The task: Your output should be the lines from the start of the data through the line containing "image for item", exactly and nothing more.

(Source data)
=== Begin Enclosure ===
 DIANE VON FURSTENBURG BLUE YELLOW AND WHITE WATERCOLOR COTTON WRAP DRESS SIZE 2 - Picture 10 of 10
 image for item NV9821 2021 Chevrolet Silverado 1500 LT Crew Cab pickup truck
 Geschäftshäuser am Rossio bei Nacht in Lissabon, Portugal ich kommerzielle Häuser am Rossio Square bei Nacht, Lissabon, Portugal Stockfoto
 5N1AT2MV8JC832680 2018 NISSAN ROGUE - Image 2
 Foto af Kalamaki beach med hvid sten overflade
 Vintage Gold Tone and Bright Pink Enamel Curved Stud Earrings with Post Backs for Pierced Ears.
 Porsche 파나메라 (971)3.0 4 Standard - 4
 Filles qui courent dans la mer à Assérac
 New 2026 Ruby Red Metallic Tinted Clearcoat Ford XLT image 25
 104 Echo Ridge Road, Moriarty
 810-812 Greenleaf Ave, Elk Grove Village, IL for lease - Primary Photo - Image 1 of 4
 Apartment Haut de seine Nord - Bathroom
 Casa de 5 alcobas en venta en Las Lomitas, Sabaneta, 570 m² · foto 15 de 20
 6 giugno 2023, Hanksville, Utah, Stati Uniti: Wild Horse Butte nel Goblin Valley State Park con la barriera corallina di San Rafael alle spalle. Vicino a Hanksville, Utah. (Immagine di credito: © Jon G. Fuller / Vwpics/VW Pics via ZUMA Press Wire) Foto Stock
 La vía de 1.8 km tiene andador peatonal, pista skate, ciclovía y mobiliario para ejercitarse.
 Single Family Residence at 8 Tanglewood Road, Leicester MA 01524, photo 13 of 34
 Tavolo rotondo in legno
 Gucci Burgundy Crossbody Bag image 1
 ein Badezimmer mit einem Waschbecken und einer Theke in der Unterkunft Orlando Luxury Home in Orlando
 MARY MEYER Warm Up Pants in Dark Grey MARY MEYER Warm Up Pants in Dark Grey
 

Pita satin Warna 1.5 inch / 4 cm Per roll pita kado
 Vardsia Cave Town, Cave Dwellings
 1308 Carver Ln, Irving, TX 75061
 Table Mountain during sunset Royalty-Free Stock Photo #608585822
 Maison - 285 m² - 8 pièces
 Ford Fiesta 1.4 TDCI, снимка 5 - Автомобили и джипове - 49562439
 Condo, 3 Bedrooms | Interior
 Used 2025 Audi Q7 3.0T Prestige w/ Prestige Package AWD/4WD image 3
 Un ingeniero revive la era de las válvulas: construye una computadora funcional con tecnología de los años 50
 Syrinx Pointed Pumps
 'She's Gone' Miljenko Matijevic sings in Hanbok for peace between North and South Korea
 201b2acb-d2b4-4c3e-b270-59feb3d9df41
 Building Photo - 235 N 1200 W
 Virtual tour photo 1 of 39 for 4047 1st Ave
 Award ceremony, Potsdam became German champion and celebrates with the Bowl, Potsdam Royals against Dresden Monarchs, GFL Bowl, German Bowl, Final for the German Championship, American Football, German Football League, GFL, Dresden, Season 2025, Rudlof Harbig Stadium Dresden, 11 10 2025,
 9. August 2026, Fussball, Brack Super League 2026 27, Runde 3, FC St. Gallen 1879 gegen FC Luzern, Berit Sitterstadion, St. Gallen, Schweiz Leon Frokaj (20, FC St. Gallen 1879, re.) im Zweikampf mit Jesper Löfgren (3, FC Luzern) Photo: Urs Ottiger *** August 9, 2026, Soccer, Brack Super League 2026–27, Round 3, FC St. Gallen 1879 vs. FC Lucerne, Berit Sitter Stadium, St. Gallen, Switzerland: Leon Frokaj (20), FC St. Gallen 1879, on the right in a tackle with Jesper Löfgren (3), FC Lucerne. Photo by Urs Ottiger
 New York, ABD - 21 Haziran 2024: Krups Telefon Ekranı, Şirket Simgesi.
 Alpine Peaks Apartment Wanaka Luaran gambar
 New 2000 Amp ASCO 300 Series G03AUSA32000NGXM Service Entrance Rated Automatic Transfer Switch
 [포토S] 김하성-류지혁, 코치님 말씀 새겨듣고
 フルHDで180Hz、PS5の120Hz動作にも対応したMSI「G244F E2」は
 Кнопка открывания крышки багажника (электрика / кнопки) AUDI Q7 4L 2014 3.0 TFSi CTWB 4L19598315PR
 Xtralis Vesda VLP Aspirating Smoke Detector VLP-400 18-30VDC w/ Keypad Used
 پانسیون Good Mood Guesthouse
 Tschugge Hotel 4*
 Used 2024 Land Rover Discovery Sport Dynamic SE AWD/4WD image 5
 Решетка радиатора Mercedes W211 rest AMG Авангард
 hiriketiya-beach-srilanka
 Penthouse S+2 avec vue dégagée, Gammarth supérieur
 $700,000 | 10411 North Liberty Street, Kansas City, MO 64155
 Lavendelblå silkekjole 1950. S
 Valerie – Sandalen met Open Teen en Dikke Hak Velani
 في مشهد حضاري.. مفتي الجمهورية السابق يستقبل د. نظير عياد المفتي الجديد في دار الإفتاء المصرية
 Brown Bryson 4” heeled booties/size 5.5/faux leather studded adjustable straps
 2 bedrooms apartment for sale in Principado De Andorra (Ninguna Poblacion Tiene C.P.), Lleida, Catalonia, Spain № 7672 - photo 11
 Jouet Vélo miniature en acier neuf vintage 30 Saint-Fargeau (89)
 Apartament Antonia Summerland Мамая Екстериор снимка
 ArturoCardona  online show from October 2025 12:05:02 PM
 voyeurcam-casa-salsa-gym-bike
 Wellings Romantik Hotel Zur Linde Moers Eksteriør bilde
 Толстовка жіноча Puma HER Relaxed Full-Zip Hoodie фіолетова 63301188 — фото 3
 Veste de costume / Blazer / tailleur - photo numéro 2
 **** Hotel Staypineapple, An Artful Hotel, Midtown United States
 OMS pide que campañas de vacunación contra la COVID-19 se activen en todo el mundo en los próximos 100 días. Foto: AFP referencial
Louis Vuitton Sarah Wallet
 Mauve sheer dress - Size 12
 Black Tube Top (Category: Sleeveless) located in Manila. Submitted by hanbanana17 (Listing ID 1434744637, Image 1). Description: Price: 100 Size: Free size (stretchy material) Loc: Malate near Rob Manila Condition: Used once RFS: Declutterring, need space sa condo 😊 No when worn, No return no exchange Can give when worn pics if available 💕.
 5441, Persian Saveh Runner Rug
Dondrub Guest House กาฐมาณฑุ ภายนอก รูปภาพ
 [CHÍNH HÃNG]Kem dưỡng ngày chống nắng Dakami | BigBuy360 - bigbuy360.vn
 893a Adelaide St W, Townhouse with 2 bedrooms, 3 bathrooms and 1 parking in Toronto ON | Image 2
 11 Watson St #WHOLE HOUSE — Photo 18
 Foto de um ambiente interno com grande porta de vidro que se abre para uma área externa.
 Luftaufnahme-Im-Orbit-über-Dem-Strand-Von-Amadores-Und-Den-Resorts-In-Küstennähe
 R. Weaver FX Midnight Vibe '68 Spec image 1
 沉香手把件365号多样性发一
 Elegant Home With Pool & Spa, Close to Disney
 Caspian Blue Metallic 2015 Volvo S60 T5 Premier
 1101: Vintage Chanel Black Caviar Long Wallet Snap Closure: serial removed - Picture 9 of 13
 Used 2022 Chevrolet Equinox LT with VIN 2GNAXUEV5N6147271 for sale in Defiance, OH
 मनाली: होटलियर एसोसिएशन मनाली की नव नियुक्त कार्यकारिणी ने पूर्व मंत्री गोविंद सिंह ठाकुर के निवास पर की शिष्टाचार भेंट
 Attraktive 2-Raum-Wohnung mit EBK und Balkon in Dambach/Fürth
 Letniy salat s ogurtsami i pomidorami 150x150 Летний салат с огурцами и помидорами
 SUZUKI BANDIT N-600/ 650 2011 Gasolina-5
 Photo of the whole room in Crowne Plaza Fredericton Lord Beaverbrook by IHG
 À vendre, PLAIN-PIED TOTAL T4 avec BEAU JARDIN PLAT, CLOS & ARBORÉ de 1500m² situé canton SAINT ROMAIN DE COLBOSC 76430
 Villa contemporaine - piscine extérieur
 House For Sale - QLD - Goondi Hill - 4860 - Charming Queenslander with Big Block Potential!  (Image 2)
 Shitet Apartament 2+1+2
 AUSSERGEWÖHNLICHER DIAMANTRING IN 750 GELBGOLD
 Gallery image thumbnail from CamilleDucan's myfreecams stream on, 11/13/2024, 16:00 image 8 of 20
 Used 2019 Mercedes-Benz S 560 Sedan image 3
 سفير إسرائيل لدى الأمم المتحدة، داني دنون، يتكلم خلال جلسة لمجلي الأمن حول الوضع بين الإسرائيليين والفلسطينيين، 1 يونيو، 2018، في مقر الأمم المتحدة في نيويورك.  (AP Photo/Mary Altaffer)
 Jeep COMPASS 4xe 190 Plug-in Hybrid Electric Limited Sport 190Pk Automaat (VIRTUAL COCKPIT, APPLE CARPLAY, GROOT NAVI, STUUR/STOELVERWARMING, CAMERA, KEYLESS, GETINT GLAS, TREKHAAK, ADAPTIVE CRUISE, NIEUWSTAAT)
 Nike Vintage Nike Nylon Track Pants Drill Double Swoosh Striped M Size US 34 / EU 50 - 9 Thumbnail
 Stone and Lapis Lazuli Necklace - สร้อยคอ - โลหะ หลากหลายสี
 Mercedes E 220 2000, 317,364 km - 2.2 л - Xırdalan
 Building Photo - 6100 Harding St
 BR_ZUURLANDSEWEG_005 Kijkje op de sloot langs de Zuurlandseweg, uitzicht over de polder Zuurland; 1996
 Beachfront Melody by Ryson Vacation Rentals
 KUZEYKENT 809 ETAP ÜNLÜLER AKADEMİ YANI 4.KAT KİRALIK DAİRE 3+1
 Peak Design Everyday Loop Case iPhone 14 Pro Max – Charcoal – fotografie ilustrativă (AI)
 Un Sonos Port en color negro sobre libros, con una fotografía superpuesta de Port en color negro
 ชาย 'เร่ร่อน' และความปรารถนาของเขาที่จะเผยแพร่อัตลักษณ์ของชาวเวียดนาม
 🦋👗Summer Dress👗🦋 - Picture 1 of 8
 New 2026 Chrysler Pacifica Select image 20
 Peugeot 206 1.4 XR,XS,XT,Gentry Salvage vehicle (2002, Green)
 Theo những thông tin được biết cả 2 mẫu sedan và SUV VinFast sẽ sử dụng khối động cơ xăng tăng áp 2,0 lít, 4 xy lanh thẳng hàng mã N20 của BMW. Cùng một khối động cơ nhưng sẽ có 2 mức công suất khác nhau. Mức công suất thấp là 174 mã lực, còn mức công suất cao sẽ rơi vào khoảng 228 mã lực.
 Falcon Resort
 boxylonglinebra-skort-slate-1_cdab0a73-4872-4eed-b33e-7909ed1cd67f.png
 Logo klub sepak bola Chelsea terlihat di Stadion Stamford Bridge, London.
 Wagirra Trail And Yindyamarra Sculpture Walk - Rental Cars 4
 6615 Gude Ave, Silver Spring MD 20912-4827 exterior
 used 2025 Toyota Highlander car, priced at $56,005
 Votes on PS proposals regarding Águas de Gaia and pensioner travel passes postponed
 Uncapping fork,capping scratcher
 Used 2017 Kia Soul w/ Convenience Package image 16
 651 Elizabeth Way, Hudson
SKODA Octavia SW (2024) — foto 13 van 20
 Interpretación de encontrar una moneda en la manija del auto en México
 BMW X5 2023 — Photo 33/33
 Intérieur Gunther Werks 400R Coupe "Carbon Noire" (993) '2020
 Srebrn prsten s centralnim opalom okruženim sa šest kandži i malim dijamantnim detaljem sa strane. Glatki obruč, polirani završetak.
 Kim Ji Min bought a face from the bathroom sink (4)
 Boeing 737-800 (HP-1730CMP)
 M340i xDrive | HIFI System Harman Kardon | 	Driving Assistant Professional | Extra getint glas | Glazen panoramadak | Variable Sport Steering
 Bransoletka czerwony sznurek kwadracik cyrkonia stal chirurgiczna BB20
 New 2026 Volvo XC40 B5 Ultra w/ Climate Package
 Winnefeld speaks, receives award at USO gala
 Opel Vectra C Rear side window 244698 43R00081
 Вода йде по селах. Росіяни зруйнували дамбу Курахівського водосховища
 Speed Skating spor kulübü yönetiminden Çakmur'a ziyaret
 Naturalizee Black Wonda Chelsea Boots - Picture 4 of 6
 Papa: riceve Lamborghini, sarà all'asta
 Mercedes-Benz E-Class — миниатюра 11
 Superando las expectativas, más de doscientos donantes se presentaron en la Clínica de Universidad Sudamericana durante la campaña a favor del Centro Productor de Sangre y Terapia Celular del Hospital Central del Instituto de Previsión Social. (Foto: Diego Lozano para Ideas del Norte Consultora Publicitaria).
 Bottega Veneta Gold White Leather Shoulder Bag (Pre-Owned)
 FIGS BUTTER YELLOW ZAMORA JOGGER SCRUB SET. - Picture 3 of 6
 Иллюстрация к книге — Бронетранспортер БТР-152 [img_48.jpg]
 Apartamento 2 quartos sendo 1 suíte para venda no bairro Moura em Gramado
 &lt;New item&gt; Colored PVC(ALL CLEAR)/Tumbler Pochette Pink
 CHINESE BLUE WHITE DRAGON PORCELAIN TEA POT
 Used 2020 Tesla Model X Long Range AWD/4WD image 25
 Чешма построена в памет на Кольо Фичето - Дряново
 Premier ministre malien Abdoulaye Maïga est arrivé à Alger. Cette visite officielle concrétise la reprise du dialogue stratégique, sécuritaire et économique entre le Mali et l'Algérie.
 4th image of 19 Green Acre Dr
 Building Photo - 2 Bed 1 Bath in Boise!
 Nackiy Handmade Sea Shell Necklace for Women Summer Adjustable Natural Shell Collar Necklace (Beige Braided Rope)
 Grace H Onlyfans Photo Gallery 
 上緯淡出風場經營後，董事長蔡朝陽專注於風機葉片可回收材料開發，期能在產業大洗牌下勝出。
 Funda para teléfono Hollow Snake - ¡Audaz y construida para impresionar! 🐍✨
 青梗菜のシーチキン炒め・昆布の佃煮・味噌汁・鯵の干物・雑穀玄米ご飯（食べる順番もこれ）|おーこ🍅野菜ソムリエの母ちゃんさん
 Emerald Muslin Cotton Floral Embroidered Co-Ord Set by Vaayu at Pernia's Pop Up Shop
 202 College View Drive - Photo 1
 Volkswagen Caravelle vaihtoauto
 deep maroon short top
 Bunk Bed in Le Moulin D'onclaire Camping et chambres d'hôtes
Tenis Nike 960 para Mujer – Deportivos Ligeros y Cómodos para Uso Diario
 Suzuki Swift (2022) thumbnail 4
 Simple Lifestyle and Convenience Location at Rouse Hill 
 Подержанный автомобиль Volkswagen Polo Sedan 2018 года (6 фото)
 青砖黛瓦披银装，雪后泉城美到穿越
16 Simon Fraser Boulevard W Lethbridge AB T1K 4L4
=== End Enclosure ===
Result of the task:
 DIANE VON FURSTENBURG BLUE YELLOW AND WHITE WATERCOLOR COTTON WRAP DRESS SIZE 2 - Picture 10 of 10
 image for item NV9821 2021 Chevrolet Silverado 1500 LT Crew Cab pickup truck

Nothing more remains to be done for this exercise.